The first time two speakers encounter each other, they may find a common ground for communication, but they do not create a pidgin by doing so--that's impossible. A pidgin requires lengthy socialization and/or a common frame of linguistic reference--usually achieved by a superstrate.
Pointing and gesticulating, with rudimentary exchanges of words is not a pidgin. You can speak a pidgin just as you would any other language, and like any other language, it requires a functional grammar.
before negotiating the price of silk they thrash out the rules on verb conjugations?
Pidgins generally don't have verb conjugations, so no.
Negotiating the price of silk is also a gross oversimplification of the purpose and scope of a pidgin. You don't need to speak a language at all to negotiate a price.
What about them? Both types have complete grammars.
Not really, no. Language requires the ability to describe novel constructions, and once it is created, it expands at a tremendous pace because of that ability--language acquisition takes only a few years. Once you implement a framework, it's done. A slow evolution over even hundreds (let alone tens of thousands as you state) of years would require some element actively retarding the spread and constricting the operation of that language. Once you have a method of discourse, filling in the holes is fast and easy; simultaneously, if that method of discourse is fundamentally incomplete, then discourse isn't possible to begin with. Long-term language shift is more of a streamlining process (development and loss of case markers, formal grammatical context, complex and alternate syntax) rather than outright reconstruction.
In other words, the basic parts of speech come together at the same time. A language can't work with massive gaps. It is, in many ways, all or nothing. You can have sounds associated with objects and actions without having a language, but the transition to nouns and verbs requires a complete and immediate implementation of a grammar. Otherwise what you have is just a particularized form of communication, not a language.
It is that shift between communication and language that takes a long time, because it is dependent on the evolution of long-term socialization and culturalization. Languages evolve rapidly once they're formed, but they must be created with a relatively complete structure from day one in order to form at all.
So wait, because what emits noise is a certain way, and of certain dimensions, the things that pick up the noise had to change to accommodate? It works both ways.
You're not listening.
The peak hearing range is attuned to the human vocal range. They are a coupled pair. It is not a case of speech being optimized to our hearing, because the speech organs have much more confining physical limitations than hearing organs. Of note here is that the peak sensitivity of women is higher than that of men--and the vocal organ's peak performance is higher as well. We are not physically capable of producing speech in a significantly different range--our vocal apparatus could not evolve to match a peak hearing sensitivity in a different range.

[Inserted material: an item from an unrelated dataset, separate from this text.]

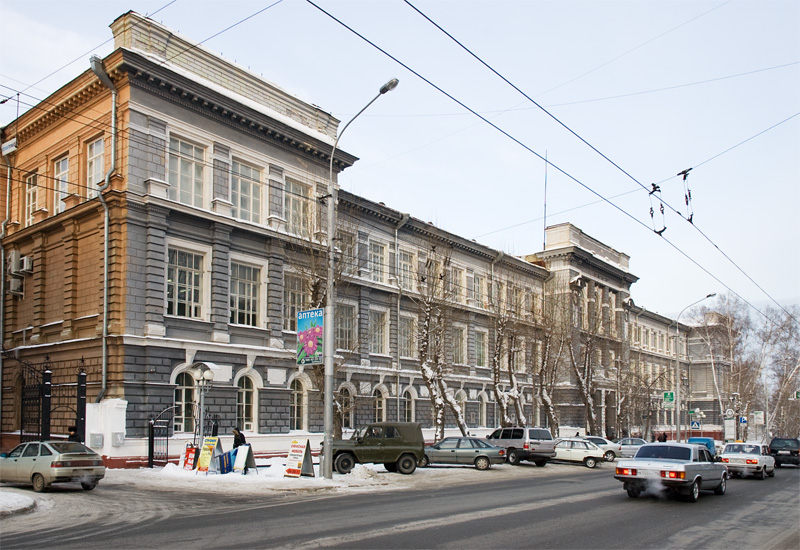 Файл:Ленина-30-DSC14440.jpg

The ear evolved to optimize to the human vocal range's specific limitations. All speech had to do was get inside the 1-10kHz "normal" mammalian range--the human ear can hear well below and above this range, but the vocal apparatus cannot function there.
I imagine that spoken language communication would have adjusted itself to the hearing range rather than the other way around.
No. The human vocal apparatus has significantly narrower physical limits than the human ear. It cannot respond as effectively.
Something that is variable amongst many humans seems most likely to be something that evolution would play with.
That's just it: it's not that variable. What your brain interprets as great variations in frequency are, in fact, relatively minor. Further, your ability to produce sounds outside the midrange of your vocal tract grows exponentially more difficult. Your ability to hear those sounds requires no similar exertion.
wildly/randomly communicating at a certain frequency range
It's neither wild nor random. It is a direct, physical consequence of the structure and size of the vocal organs. It's not coincidental that a kitten makes high pitched, squeaky noises and a lion has a low, reverberant roar.